Physics-informed neural networks (PINNs) and neural operators (NOs) for solving the problem of diffraction of Extreme Ultraviolet (EUV) electromagnetic waves from contemporary lithography masks are presented. A novel hybrid Waveguide Neural Operator (WGNO) is introduced, based on a waveguide method with its most computationally expensive components replaced by a neural network. To evaluate performance, the accuracy and inference time of PINNs and NOs are compared against modern numerical solvers for a series of problems with known exact solutions. The emphasis is placed on investigation of solution accuracy by considered artificial neural systems for 13.5 nm and 11.2 nm wavelengths. Numerical experiments on realistic 2D and 3D masks demonstrate that PINNs and neural operators achieve competitive accuracy and significantly reduced prediction times, with the proposed WGNO architecture reaching state-of-the-art performance. The presented neural operator has pronounced generalizing properties, meaning that for unseen problem parameters it delivers a solution accuracy close to that for parameters seen in the training dataset. These results provide a highly efficient solution for accelerating the design and optimization workflows of next-generation lithography masks.

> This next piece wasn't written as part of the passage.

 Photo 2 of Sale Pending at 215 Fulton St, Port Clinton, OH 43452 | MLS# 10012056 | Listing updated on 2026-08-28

翻译：本文提出了物理信息神经网络（PINNs）和神经算子（NOs）用于求解当代光刻掩模的极紫外（EUV）电磁波衍射问题。基于波导方法，我们引入了一种新型混合波导神经算子（WGNO），其计算成本最高的组件被神经网络所取代。为评估性能，我们在一系列已知精确解的问题上，将PINNs和NOs的精度与推理时间与现代数值求解器进行了比较。重点考察了所研究的人工神经网络系统在13.5纳米和11.2纳米波长下的求解精度。在真实二维和三维掩模上的数值实验表明，PINNs和神经算子实现了具有竞争力的精度并显著减少了预测时间，其中所提出的WGNO架构达到了最先进的性能。所提出的神经算子具有显著的泛化特性，这意味着对于未见过的参数问题，其求解精度与训练数据集中见过的参数接近。这些结果为加速下一代光刻掩模的设计与优化流程提供了高效的解决方案。